Neural net model compiler & optimizer#

Diagram showing pretrained models compiled for use with MIVisionX runtime

The neural net model compiler & optimizer converts pre-trained neural network models to MIVisionX runtime code for optimized inference. Pre-trained models in ONNX, NNEF, & Caffe formats are supported by the model compiler & optimizer.

The model compiler first converts the pre-trained models to AMD’s internal open format called Neural Net Intermediate Representation (NNIR). Then the optimizer goes through the NNIR and applies various optimizations which allow the model to be deployed onto target hardware most efficiently. Finally, NNIR is converted into OpenVX C code which is compiled and deployed on the targeted AMD hardware.

Diagram showing NNIR conversion steps

MIVisionX runTime#

MIVisionX allows hundreds of different AMD OpenVX, and OpenCV interop vision functions to be directly added into the OpenVX C code generated by the model compiler & optimizer for preprocessing the input to the neural network model and post-processing the model results, allowing users to create an end-to-end solution to be deployed on any targeted AMD hardware.

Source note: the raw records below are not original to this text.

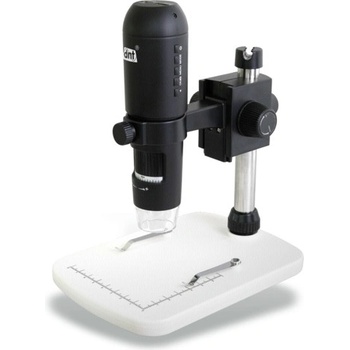 DNT DigiMicro Profi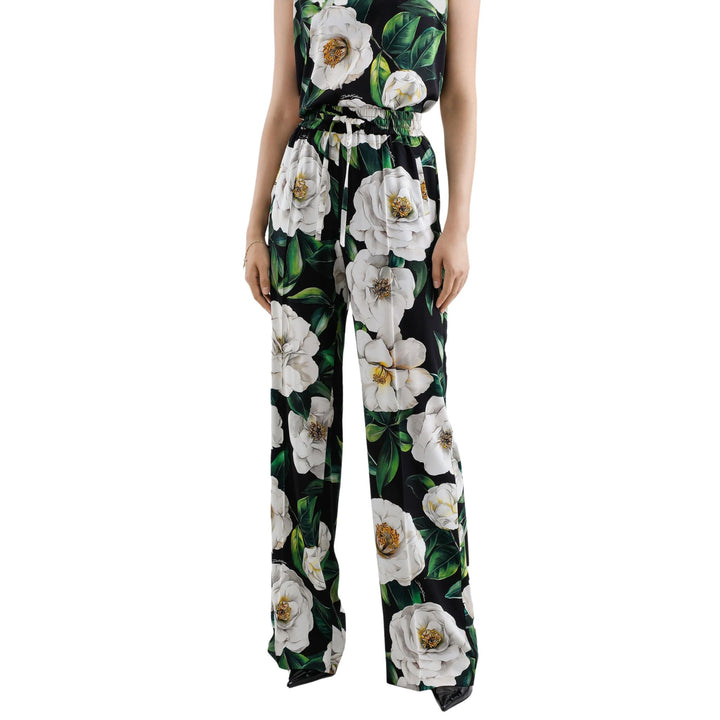 GARDENIA Pant
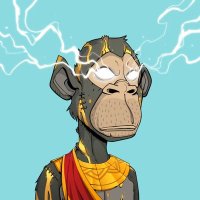 M kumar 🐉 $MON DEVE (@mon_deve55933) 's Twitter Profile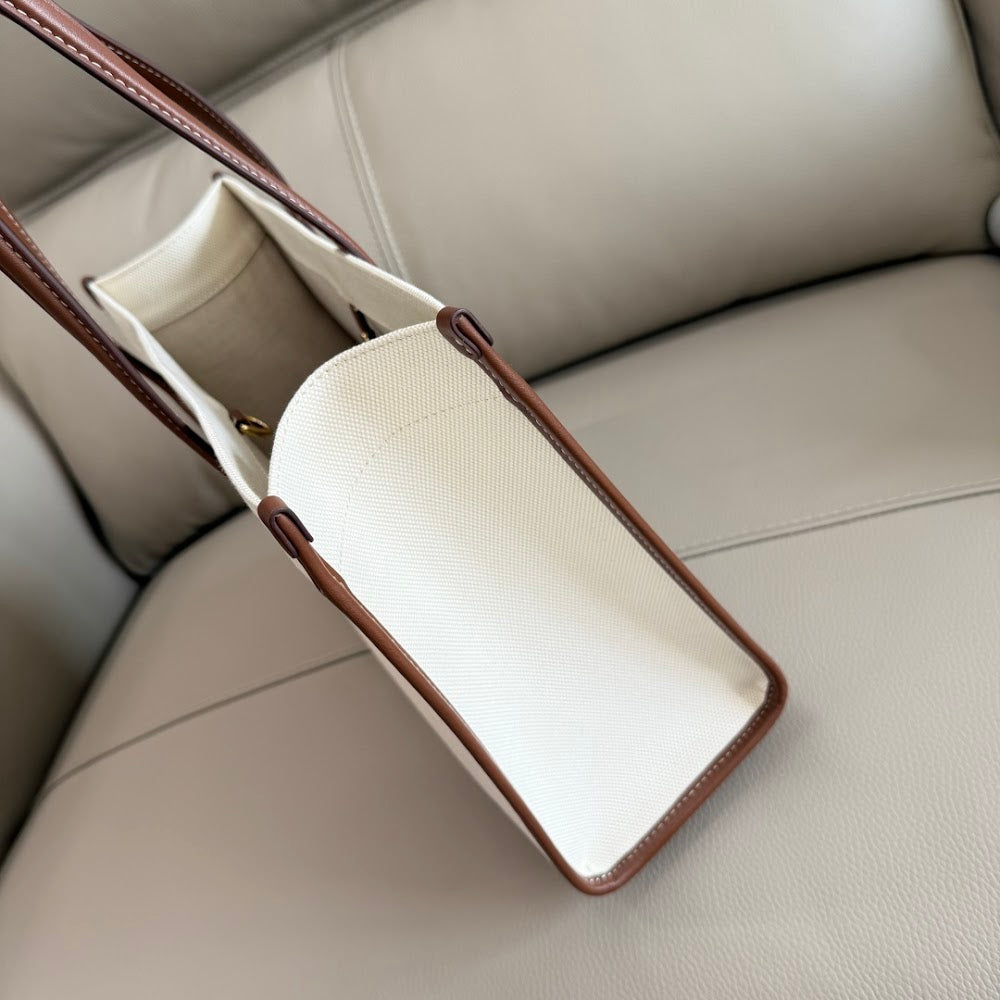 Ezyycart Bags Burberryn Luxury Bag --92750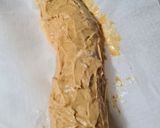 Foto del paso 10 de la receta: 125. Tronco de Galletas para Navidad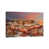 Wrapped Canvas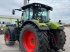 Traktor van het type CLAAS Arion 650 CIS, Gebrauchtmaschine in Schora (Foto 8)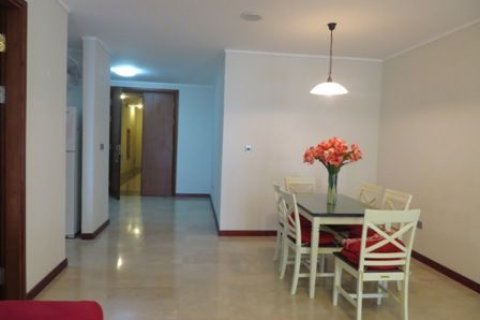 3 bedrooms Apartment in Tay Ho, Ha Noi, No. 4268 4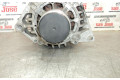 Генератор 7700430182   Renault Laguna I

Diagram showing NNIR conversion steps

Note

Setup the model compiler & optimizer as described in Model compiler installation and configuration

The sample applications available in samples/model_compiler_samples, demonstrate how to run inference efficiently using AMD’s open source implementation of OpenVX and OpenVX extensions. The samples review each step required to convert a pre-trained neural net model into an OpenVX graph and run this graph efficiently on the target hardware.

Model compiler & optimizer usage#

The following steps describe the use of model compiler & optimizer to convert pre-trained neural net Caffe, ONNX, and NNEF models into AMD’s intermediate NNIR format, optimize the NNIR, and then generate the OpenVX code.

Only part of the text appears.